How can vehicle-to-grid (V2G) chargers benefit fleet operators using electric vehicles? We look at a recent White Paper from Nissan, E.ON Drive and Imperial College London that assesses the benefits of V2G for businesses, the grid, and the environment
In recent years, there has been a rising interest in Vehicle to Grid (V2G) technology for addressing some of the wider concerns around electric vehicle adoption, such as helping electricity networks cope with the extra demand. But what are the benefits for fleet operators?
V2G technology allows electricity to flow in both directions to and from electric vehicle batteries, allowing energy stored in the battery to be sold back to the grid when demand for power is high. Vehicles can then charge when demand is lower or renewable generation is high, reducing reliance on fossil-fuelled generation and giving V2G a role in carbon reduction efforts. It can also release capacity on the electricity networks which distribute power around the country.
Fleet vehicles are often uniquely suited to V2G applications, due largely to regular and predictable usage patterns, and the fact that they often return to base at the end of the working day, where they sit idle overnight. This provides perfect conditions for V2G to utilise the energy stored in their batteries, before ensuring the vehicles are fully charged and ready for use again the next morning.
Nissan, E.ON Drive and Imperial College London have been involved in a project, known as e4Future, which has shown how electric vans and cars can support the UK grid and provide a profitable and sustainable solution for business fleets.
The project is one of 21 projects announced by BEIS and OZEV in January 2018 to develop the business proposition and core technology to support V2G deployment in the UK, including large-scale trials.
Nissan, E.ON Drive and Imperial College London have now released a white paper revealing their findings from the trial, which offers supporting recommendations and calls for the introduction of incentives to accelerate widespread adoption of vehicle-to-grid (V2G) charging systems.
It also addresses some of the challenges that will be faced in the early days of V2G, particularly around creating a reliable business case in the context of evolving energy markets and regulation.
Andrew Humberstone, Managing Director of Nissan Motor GB, said: “There is enormous potential in vehicle-to-grid to deliver huge savings, both in financial terms for electricity system operators and vehicle fleets, and in environmental terms, by significantly cutting CO2 emissions across the UK power system.”
The White Paper indicates that V2G has the potential for reducing carbon emissions from the power system to as low as -243gCO2/km.
It could result in electricity system operation cost savings of up to ￡12,000 per annum per EV and CO2 reduction of approximately 60 tonnes per annum per EV.
What’s more, annual fleet V2G charging benefits could range between ￡700-￡1,250 per vehicle.

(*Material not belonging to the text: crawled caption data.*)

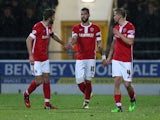 Kane Hemmings of Barnsley(C) celebrates his goal with team mates during the FA Cup Second Round Replay match against Chester City on December 16, 2014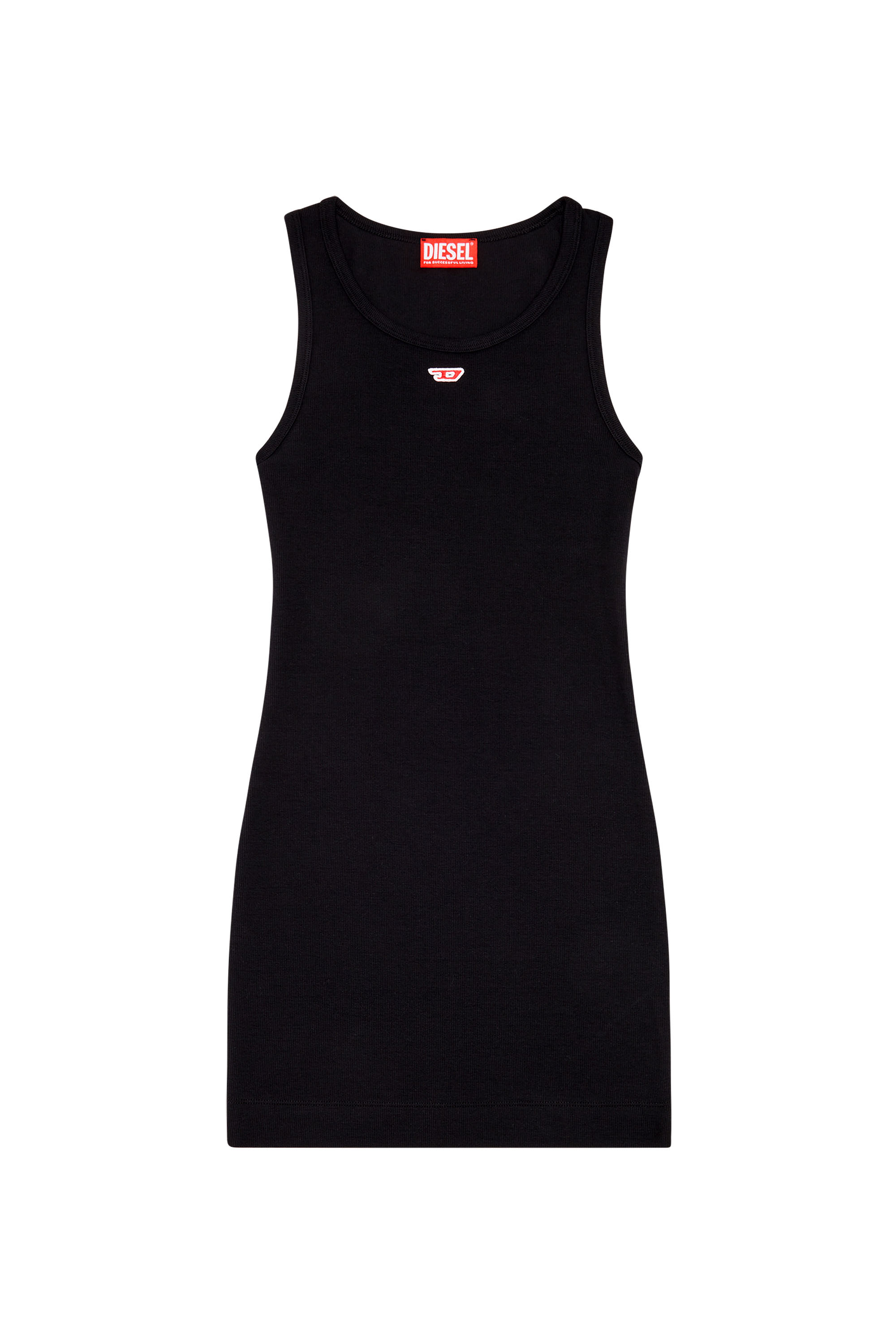 Diesel - D-TANK-D, Miniabito a canotta con logo D Donna in Nero - 2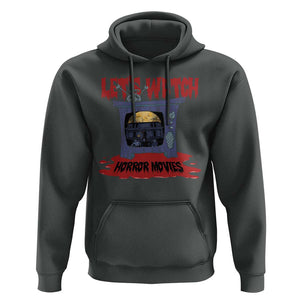 Funny Halloween Hoodie Let's Watch Horror Movies Televison Murderer Blood Skull TS11 Dark Heather Print Your Wear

The costs associated with V2G
In order to evaluate the business case for V2G, costs associated with the installation and commissioning of V2G chargers must be considered. Generally, the cost of installing a V2G charger today is higher than that of a comparable standard unidirectional charger, due to several reasons. Firstly V2G charger hardware costs are significantly higher due to the fact that the number of produced chargers today is relatively small (and the more complex power electronics required within the unit itself).
However, it is reasonable to assume that these costs will reduce over time due to economies of scale. V2G installation costs (covering electrical and civil works) will be similar to those for comparable standard charging solutions.
There may also be costs association with Distribution Network Operators (DNO). As V2G chargers enable export of electricity to the distribution network, a G99 application must be submitted to DNOs to obtain approval for connection to the grid. Depending on the specifics of the connection request, there may be associated assessment and design fees from the DNOs. The costs for this differ across the various DNO regions.
As with other generation and storage devices, the DNO may need to witness the V2G commissioning checks at the cost of the customer. Witness testing requirements depend on whether the devices are fully type tested or not, the capacity of the generation/storage on site and whether an export limiting scheme (G100) is required to safeguard the network. Specific requirements are detailed in Engineering Recommendation G99.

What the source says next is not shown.